The evening moves through writers and stories of all kinds, including Greg Loui, president of the UCSD Wordsmiths, a speculative-fiction writing club; Sienna Hemminger, whose short story takes the all-too familiar form of a campus email — this one coming from “The Republic of UCSD” in 2097 with reminders to acquire a brain scanning chip to enter the library; and Lily Huang, who brings character to her performance by doing voices for some of her characters.

Readers and authors range from alumni to faculty to students to nearby writers to 11-year-old Daniel Flynn, who reads a multipart story of his own composition featuring familiar characters such as Kirk and King Kong. Stories spiral vastly from writer to writer, ranging from bleak warnings on conservation to amusing or chilling anecdotes to hopeful looks at a more advanced future.

A sort of spell seems to fall during each reading; a quiet, surrounded by nothing but words and colored lights with occasional interspersed applause.

After the final reading, two Geisel-fied “I Believe” T-shirts are raffled off and everyone else is informed that there are free posters just outside the room.

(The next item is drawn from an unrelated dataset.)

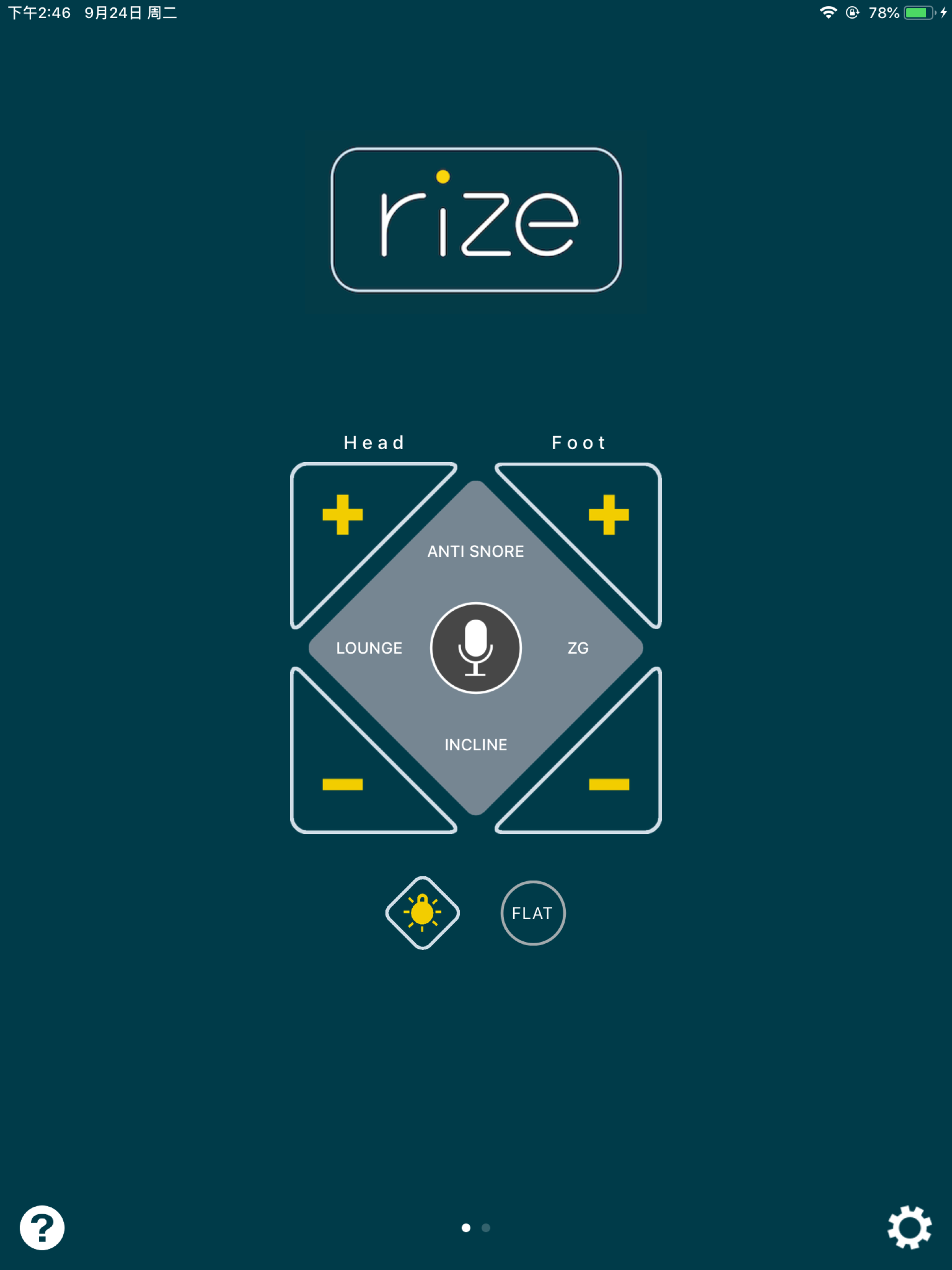 Rize Clarity II - O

This isn’t the only treat for those in attendance; alongside the posters are tables set up with all sorts of otherworldly goodies such as “Venus Vines” (Red Vines), Astronaut Rations (little cups filled with jelly beans) and “Total Eclipse Brownies.” There is also a “Refreshment Laboratory” serving funky multicolored and carbonated drinks. All around, the event is good-natured, clever, and in utter celebration of the kind of imaginative thinking and storytelling that has kept mankind’s eyes pointed to the stars for decades.

“Short Tales from the Mothership” hopes to eventually hold quarterly meetings, but currently seems to be gathering on more of a “fall and January” sort of basis. Nevertheless, on the occasions the group does meet, stepping through the door of the Geisel Library, climbing on board the “mothership” itself, seems to be an exciting excursion to otherworldly adventures.